Algo que Walesa ha negado. Premio Nobel de la Paz y presidente entre
1990 y 1995, Walesa asegura que las revelaciones forman parte de una
campaña para desprestigiar su legado. Un argumento que comparte el
intelectual Adam Michnik, fundador del diario Gazeta Wyborcza,
que sostiene que el Gobierno ultraconservador de Ley y Justicia (PiS)
está manipulando la historia y hace un uso político de los archivos. En
Polonia, además, una ley impide ejercer un cargo público a quien colaboró con las dictaduras.
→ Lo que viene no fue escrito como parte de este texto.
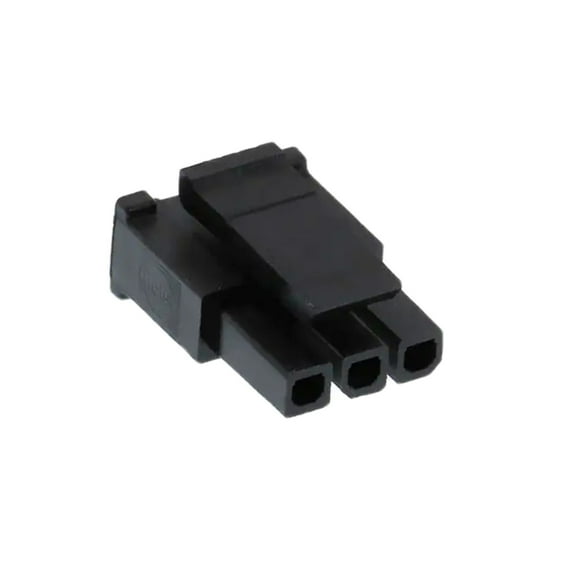 Pack of 10 0436450300 3 Rectangular Connectors - Housings Receptacle Black 0.118 (3.00mm):Rohs 43645-0300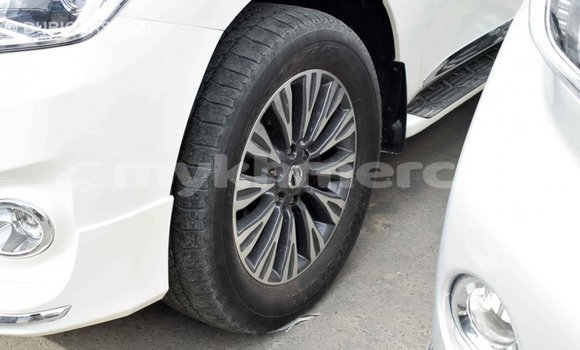 Buy Import Nissan Patrol White Car in Import - Dubai in Kampot Province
También en Rumania existe una ley similar, apunta
Daniel Savu, que fue miembro del Servicio Rumano de Información, la
agencia que sustituyó a la Securitate. Por eso, antes de cualquier
proceso electoral, todos los candidatos pasan por una revisión. Además,
cualquier ciudadano puede solicitar ver si existe un expediente a su
nombre o al de sus familiares ya fallecidos. “Y aquí han emergido
dramas. Personas que han descubierto que fueron espiados por sus vecinos
o amigos más cercanos. Gente de la misma familia que se delataba entre sí”, narra Savu. Como el caso de la señora Balasa.
Nunca se sabrá cuántos informantes había en
realidad, porque no todos los expedientes son claros y algunos usaban
varios nombres. En Rumania, por ejemplo, apunta Stan, cada agente
secreto de la Securitate tenía orden de tener 50 informantes activos.
También constan casos en los que el agente reportó haber recibido
información, pero luego se quedó el dinero para sí mismo. Se reclutó
incluso a niños, a quienes se amenazaba u ofrecía a cambio, por ejemplo,
una plaza en la universidad. Informaban de si sus familiares hablaban
sobre el exilio o escuchaban radios extranjeras. Ofrecían datos de otros
estudiantes y amigos.
La profesora Lavinia Stan también tiene un expediente a su nombre. “Fui
puesta bajo vigilancia en los ochenta por escribir algunos comentarios
críticos en cartas dirigidas a mi familia. Era lo suficientemente joven y
tonta para escribir lo que no podía decir en voz alta”, cuenta. Su
expediente contiene notas e información firmada por cerca de 12
informantes. “Eso prueba hasta qué punto la Securitate perdió el control
de la realidad. Su trabajo era proteger a los líderes del régimen y
prevenir revueltas, no seguir casos como el mío, el de una estudiante de
20 años que hacía chistes malos sobre política”, dice.